In cinema, she made an appearance in Ram Gopal Varma’s Rakta Charitra (2010), where she played Radhika Apte’s mother. In 2016, she starred in the family drama Ventilator, directed by Rajesh Mapuskar and produced by Priyanka Chopra. Her portrayal of a spiritually inclined sister with a deep emotional bond to her ailing father was praised by both critics and audiences. Critic Gulshankumar Wankar of Hindustan Times wrote, “Kulkarni Mone and Jitendra Joshi play their characters of Gaju Kaka’s children to perfection.” The film was a critical and commercial success, grossing over ₹25 crore worldwide, and earned her a Filmfare Award nomination for Best Supporting Actress.

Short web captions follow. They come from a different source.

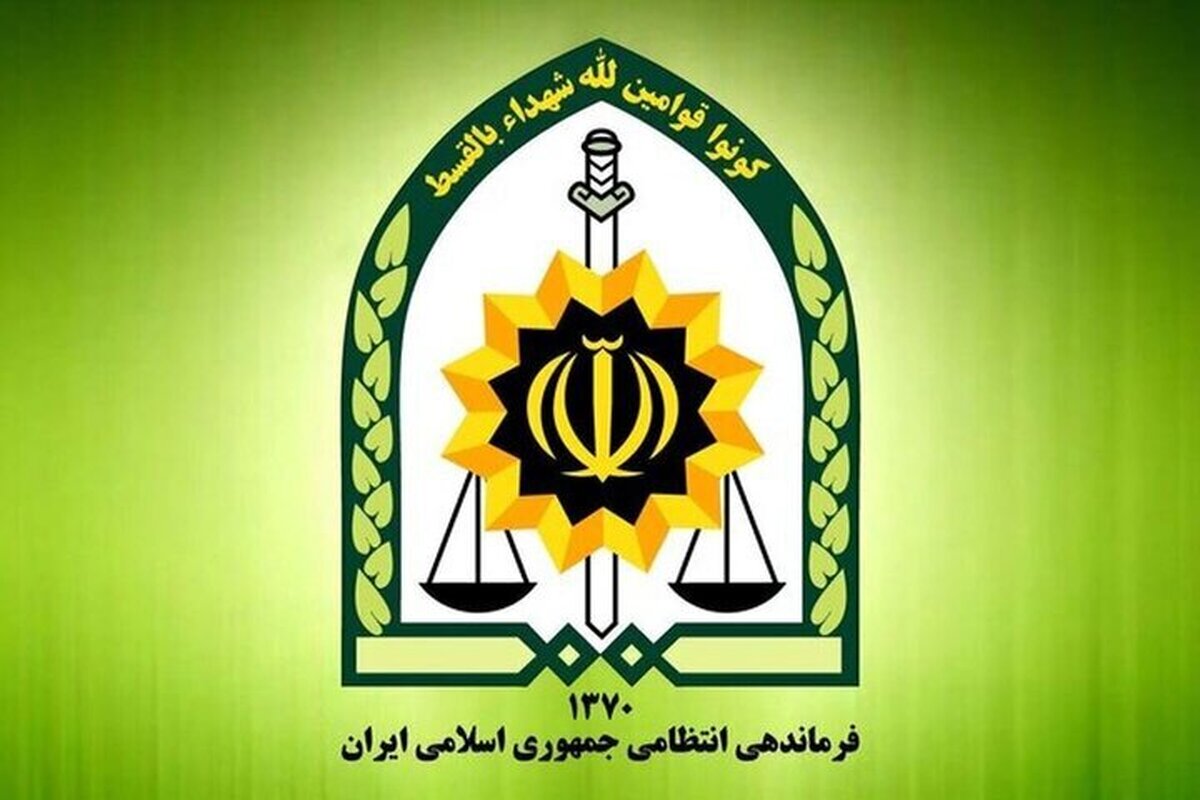 واکنش پلیس تهران به حادثه‌ خیابان آفریقا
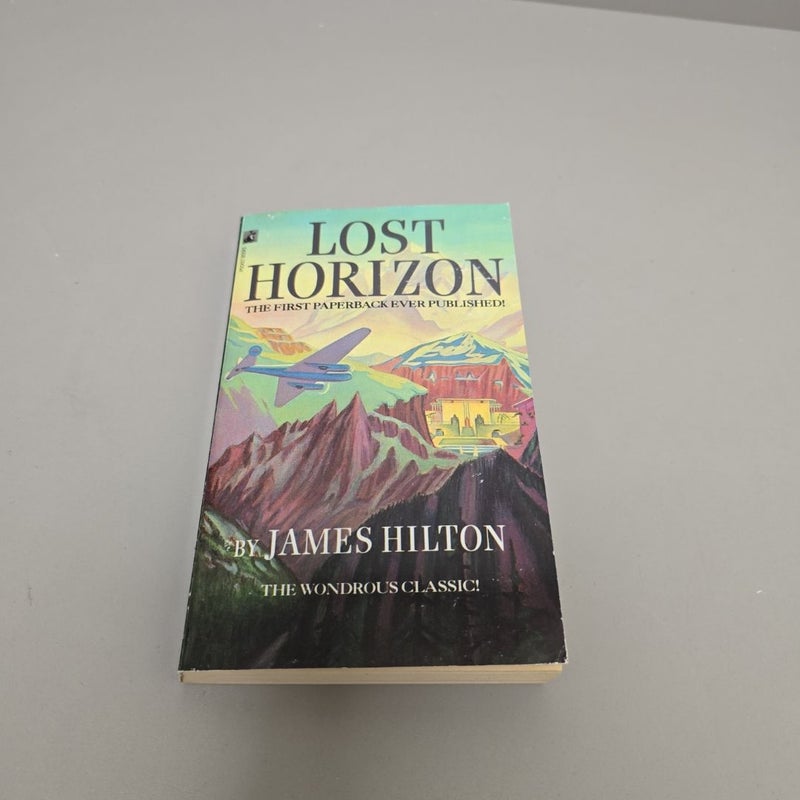 Lost Horizon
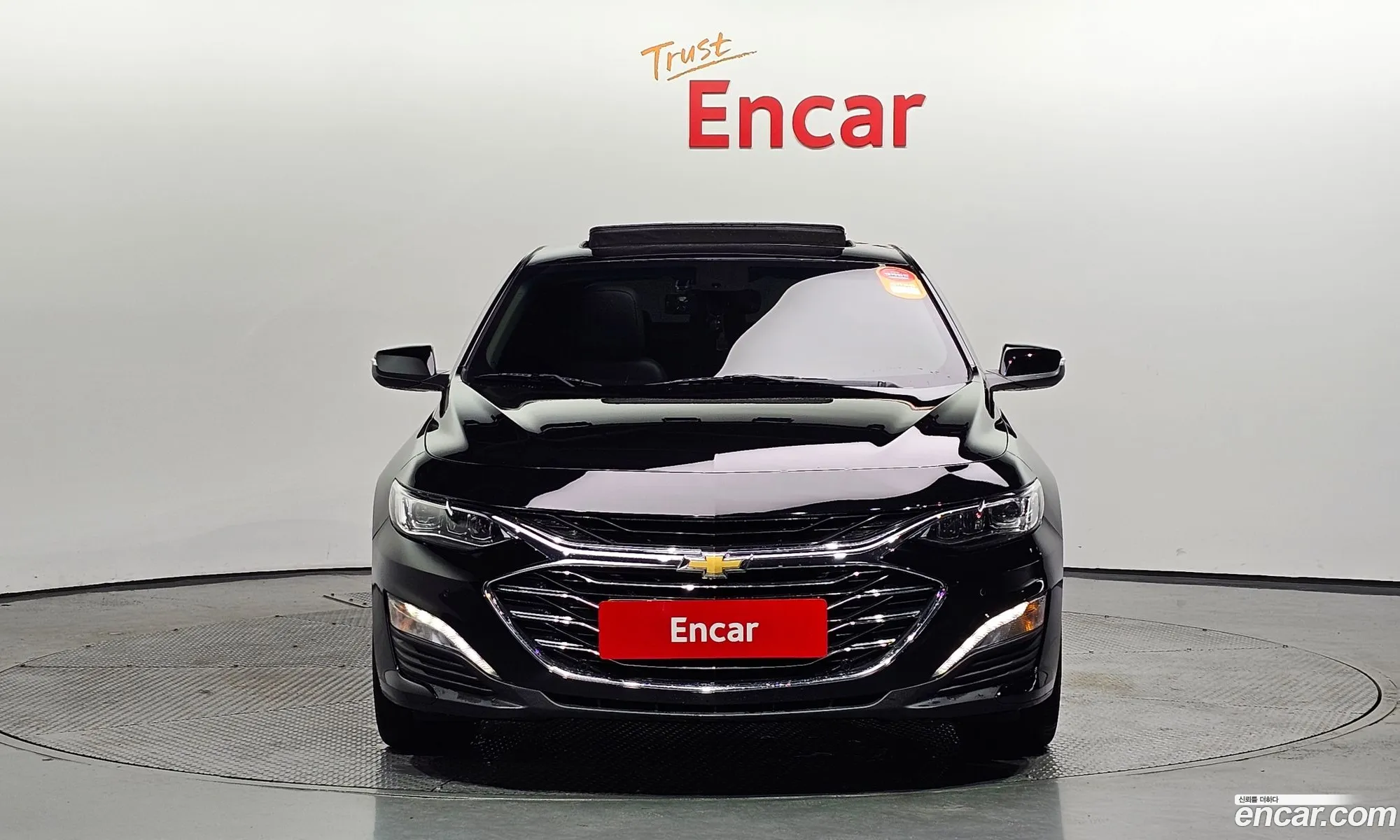 Chevrolet Malibu Ix 16 Diesel Lt 2019 - фотография 17530208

Kulkarni’s biggest commercial success to date came with Baipan Bhari Deva (2023), directed by Kedar Shinde and co-starring Rohini Hattangadi, Vandana Gupte, Shilpa Navalkar, Suchitra Bandekar, and Deepa Parab. The film, exploring the emotional complexities and shared bond of six sisters, became a cultural blockbuster and grossed over ₹92 crore worldwide, making it the second-highest-grossing Marathi film of all time. Her performance was hailed by critics, with Maharashtra Times reviewer Kalpeshraj Kubal praising her "incredible energy" on screen. She received several award nominations, including Filmfare, Maharashtra State Film Award and Maharashtracha Favourite Kon?, and won the Zee Chitra Gaurav Puraskar for Best Actress.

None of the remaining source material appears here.